» Exercise brief
Read the data, and whenever a line holds the word "Road", report that line.

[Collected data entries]
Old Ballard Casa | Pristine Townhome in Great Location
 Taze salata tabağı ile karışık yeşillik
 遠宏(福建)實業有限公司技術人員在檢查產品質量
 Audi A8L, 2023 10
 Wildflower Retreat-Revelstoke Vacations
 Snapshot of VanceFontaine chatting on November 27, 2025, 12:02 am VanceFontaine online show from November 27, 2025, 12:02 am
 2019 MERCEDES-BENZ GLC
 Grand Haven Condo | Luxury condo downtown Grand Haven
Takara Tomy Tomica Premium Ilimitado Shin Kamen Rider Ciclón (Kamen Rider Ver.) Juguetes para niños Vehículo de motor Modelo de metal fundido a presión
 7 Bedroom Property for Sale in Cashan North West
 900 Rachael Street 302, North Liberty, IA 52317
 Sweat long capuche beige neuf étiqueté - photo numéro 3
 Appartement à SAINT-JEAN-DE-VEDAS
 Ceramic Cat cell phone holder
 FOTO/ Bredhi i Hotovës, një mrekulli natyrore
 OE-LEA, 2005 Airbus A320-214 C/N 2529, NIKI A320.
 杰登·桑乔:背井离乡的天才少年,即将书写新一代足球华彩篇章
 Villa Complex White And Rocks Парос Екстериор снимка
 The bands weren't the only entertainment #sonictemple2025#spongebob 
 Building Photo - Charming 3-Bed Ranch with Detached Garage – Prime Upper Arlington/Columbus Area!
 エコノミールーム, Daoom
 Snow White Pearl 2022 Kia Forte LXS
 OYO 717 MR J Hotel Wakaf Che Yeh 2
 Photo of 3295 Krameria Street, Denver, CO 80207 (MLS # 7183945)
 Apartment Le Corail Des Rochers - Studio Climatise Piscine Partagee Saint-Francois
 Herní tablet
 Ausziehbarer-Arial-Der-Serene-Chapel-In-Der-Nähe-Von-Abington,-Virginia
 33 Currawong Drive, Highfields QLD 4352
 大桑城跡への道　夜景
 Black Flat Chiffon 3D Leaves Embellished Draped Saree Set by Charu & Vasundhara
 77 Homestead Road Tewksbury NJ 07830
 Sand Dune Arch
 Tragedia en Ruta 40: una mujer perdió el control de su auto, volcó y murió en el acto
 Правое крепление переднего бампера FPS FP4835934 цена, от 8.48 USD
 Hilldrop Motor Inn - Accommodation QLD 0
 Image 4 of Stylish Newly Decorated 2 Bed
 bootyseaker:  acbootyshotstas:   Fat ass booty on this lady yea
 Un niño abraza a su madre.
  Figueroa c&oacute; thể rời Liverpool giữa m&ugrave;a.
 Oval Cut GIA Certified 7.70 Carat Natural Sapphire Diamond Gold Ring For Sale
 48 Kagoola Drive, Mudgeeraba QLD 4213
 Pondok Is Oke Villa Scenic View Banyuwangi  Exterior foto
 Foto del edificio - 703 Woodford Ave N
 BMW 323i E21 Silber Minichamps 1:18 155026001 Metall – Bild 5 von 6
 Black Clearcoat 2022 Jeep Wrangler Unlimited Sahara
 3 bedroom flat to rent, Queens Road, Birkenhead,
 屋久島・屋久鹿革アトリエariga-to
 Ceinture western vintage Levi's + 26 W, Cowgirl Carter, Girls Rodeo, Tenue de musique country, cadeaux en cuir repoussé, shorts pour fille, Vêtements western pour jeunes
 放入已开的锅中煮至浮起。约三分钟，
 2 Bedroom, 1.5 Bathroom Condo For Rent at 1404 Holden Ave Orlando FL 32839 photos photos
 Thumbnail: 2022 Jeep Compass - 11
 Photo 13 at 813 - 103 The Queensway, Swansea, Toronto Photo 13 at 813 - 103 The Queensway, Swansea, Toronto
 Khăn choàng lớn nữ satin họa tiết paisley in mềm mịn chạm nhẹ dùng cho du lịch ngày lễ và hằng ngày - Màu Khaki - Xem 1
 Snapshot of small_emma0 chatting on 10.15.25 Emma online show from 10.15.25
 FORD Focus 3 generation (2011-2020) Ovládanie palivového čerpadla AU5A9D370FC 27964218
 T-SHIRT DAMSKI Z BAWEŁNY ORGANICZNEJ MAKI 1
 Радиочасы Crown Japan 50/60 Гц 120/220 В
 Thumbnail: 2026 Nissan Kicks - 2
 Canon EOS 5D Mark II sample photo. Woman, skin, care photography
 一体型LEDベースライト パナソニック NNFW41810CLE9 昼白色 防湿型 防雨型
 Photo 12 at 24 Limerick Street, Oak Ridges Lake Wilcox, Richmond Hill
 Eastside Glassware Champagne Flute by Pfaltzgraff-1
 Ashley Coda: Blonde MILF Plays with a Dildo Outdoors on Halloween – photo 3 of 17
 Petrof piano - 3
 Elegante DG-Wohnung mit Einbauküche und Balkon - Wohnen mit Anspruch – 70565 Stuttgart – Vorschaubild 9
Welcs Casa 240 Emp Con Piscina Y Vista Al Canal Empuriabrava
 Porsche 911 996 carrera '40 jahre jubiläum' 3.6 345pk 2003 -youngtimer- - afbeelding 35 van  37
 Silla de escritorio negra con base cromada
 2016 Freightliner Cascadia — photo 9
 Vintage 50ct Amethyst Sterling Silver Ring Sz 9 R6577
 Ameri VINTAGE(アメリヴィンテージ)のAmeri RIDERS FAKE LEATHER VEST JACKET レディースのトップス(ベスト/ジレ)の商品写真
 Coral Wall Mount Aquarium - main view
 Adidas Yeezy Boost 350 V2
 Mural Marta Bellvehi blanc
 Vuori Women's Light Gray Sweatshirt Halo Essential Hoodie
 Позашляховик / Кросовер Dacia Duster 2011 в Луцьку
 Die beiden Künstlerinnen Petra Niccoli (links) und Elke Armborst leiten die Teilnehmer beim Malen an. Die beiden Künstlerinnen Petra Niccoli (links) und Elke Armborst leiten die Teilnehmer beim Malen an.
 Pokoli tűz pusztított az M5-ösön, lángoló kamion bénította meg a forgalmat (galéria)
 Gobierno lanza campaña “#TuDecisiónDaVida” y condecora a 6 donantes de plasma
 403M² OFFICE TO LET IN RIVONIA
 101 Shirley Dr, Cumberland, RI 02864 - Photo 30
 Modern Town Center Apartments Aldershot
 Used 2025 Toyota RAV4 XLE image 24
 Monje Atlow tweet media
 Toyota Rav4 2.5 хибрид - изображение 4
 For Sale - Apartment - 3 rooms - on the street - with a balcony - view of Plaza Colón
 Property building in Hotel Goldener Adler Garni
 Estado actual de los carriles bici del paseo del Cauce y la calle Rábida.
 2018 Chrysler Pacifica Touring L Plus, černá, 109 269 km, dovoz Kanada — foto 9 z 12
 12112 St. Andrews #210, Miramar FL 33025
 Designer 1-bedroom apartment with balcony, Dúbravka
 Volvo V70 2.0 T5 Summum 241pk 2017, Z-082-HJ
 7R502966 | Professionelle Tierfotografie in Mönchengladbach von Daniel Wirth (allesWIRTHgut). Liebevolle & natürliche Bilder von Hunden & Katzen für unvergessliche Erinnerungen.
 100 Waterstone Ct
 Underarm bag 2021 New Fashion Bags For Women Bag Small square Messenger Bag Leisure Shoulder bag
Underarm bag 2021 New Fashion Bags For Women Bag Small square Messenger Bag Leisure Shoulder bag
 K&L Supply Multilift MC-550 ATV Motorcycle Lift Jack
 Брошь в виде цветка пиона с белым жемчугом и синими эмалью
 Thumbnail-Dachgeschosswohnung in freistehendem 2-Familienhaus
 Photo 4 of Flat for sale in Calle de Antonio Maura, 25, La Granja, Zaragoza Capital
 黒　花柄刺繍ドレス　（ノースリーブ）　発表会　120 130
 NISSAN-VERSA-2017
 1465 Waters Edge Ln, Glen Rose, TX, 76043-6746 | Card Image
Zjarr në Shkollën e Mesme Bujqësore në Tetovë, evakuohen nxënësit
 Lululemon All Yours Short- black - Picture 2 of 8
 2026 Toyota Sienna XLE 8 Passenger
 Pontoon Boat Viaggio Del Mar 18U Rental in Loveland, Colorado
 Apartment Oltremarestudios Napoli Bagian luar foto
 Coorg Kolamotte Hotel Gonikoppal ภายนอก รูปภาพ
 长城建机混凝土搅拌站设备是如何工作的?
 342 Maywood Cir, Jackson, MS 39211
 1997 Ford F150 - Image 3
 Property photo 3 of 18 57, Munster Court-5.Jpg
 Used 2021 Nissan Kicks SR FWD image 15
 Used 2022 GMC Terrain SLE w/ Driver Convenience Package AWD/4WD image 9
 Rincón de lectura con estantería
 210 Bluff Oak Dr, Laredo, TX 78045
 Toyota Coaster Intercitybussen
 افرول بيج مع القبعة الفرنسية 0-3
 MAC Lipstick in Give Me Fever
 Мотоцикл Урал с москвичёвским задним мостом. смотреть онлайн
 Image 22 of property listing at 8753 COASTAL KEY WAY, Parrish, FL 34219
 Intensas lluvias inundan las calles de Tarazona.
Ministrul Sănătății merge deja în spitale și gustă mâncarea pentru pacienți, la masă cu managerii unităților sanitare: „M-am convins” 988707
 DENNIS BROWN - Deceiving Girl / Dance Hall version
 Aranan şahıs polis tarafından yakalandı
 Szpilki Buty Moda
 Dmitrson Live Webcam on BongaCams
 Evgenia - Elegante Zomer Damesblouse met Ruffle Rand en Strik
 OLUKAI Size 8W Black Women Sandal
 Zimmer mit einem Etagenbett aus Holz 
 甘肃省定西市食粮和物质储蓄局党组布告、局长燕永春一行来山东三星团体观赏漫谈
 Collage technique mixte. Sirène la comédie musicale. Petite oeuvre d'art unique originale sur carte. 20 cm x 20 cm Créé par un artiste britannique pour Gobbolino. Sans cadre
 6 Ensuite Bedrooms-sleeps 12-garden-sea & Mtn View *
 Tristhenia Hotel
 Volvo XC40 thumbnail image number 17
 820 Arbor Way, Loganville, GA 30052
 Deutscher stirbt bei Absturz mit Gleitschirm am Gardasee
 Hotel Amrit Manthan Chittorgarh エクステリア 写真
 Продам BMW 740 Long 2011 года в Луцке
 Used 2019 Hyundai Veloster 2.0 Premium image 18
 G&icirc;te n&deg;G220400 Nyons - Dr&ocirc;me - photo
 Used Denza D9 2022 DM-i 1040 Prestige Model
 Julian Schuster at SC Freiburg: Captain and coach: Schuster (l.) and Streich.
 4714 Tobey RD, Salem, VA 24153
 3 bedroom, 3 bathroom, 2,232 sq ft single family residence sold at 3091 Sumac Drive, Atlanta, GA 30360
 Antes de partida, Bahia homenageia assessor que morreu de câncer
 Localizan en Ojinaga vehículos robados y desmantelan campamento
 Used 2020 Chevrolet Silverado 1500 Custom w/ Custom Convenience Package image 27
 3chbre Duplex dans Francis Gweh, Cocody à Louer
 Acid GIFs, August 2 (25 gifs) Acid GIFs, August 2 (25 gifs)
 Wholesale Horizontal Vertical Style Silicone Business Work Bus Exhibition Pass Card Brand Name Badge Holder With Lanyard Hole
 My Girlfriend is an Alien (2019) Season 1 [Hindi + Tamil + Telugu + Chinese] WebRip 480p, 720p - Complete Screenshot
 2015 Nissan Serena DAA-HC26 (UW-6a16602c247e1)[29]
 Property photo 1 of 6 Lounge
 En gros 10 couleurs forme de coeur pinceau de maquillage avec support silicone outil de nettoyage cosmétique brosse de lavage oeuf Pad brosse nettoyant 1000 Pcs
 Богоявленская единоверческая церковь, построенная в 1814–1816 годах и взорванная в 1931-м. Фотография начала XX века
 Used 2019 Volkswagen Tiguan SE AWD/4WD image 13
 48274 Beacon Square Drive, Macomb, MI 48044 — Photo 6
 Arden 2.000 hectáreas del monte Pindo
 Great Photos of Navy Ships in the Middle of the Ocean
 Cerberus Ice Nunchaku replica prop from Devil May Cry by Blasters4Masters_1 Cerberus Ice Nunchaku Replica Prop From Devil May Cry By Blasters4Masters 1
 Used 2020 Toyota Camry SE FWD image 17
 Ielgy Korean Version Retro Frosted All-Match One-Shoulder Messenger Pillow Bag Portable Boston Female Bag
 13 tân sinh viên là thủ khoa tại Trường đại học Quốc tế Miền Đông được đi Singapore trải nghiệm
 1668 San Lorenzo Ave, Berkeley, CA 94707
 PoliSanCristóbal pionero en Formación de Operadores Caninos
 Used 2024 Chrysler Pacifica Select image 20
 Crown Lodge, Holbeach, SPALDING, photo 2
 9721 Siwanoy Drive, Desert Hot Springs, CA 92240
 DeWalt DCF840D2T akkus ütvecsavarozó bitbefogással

» Solved exercise
 77 Homestead Road Tewksbury NJ 07830
 3 bedroom flat to rent, Queens Road, Birkenhead,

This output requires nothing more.